Outcome traits—BMI, WCadjBMI and WHRadjBMI
We examined three anthropometric traits related to overall adiposity (BMI) or body fat distribution (WCadjBMI and WHRadjBMI) [36] that were available from a large number of studies. Before the association analyses, we calculated sex-specific residuals by adjusting for age, age2, BMI (for WCadjBMI and WHRadjBMI traits only), and other necessary study-specific covariates, such as genotype-derived principal components. Subsequently, we normalized the distributions of sex-specific trait residuals using inverse normal transformation.
Physical activity
Physical activity was assessed and quantified in various ways in the participating studies of the meta-analysis (S1 and S6 Tables). Aiming to amass as large a sample size as possible, we harmonized PA by categorizing it into a simple dichotomous variable—physically inactive vs. active—that could be derived in a relatively consistent way in all participating studies, and that would be consistent with previous findings on gene-physical activity interactions and the relationship between activity levels and health outcomes. In studies with categorical PA data, individuals were defined inactive if they reported having a sedentary occupation and being sedentary during transport and leisure-time (<1 h of moderate intensity leisure-time or commuting PA per week). All other individuals were defined physically active. Previous studies in large-scale individual cohorts have demonstrated that the interaction between FTO, or a BMI-increasing genetic risk score, with physical activity, is most pronounced approximately at this activity level [6, 37, 38]. In studies with continuous PA data, PA variables were standardized by defining individuals belonging to the lowest sex- and age-adjusted quintile of PA levels as inactive, and all other individuals as active. The study-specific coding of the dichotomous PA variable in each study is described in S6 Table.

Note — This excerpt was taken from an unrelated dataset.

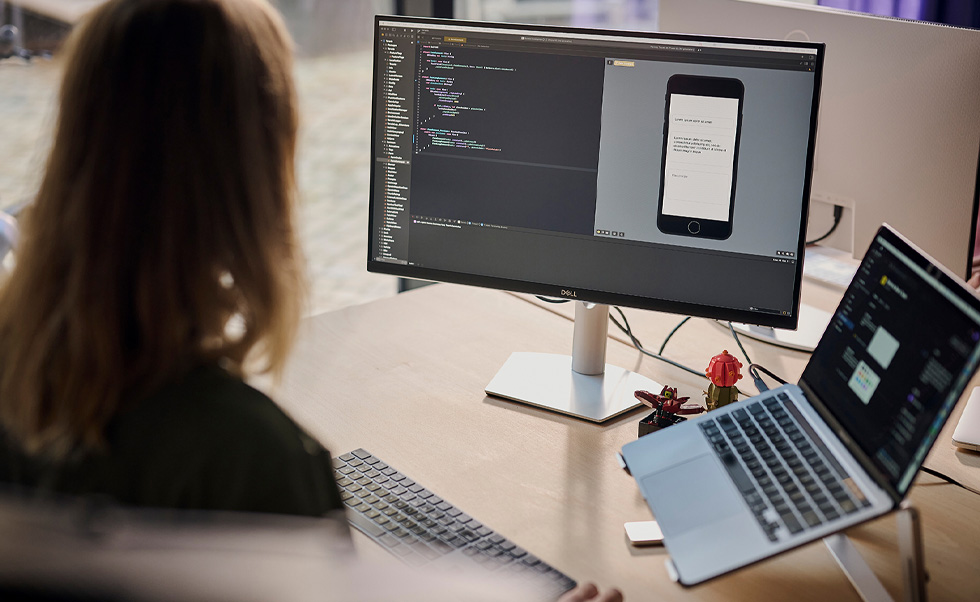 Dancen tiimi loi Swiftin avulla räätälöidyn apin sujuvoittamaan työnkulkuja.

Study-specific association analyses
We included 42 studies with genome-wide data, 10 studies with Metabochip data, and eight studies with both genome-wide and Metabochip data. If both genome-wide and Metabochip data were available for the same individual, we only included the genome-wide data (S1 Table). Studies with genome-wide genotyped data used either Affymetrix or Illumina arrays (S2 Table). Following study-specific quality control measures, the genotype data were imputed using the HapMap phase II reference panel (S2 Table). Studies with Metabochip data used the custom Illumina HumanCardio-Metabo BeadChip containing ~195K SNPs designed to support large-scale follow-up of known associations with metabolic and cardiovascular traits [39]. Each study ran autosomal SNP association analyses with BMI, WCadjBMI and WHRadjBMI across their array of genetic data using the following linear regression models in men and women separately: 1) active individuals only; 2) inactive individuals only; and 3) active and inactive individuals combined, adjusting for the PA stratum. In studies that included families or closely related individuals, regression coefficients were estimated using a variance component model that modeled relatedness in men and women combined, with sex as a covariate, in addition to the sex-specific analyses. The additive genetic effect for each SNP and phenotype association was estimated using linear regression. For studies with a case-control design (S1 Table), cases and controls were analyzed separately.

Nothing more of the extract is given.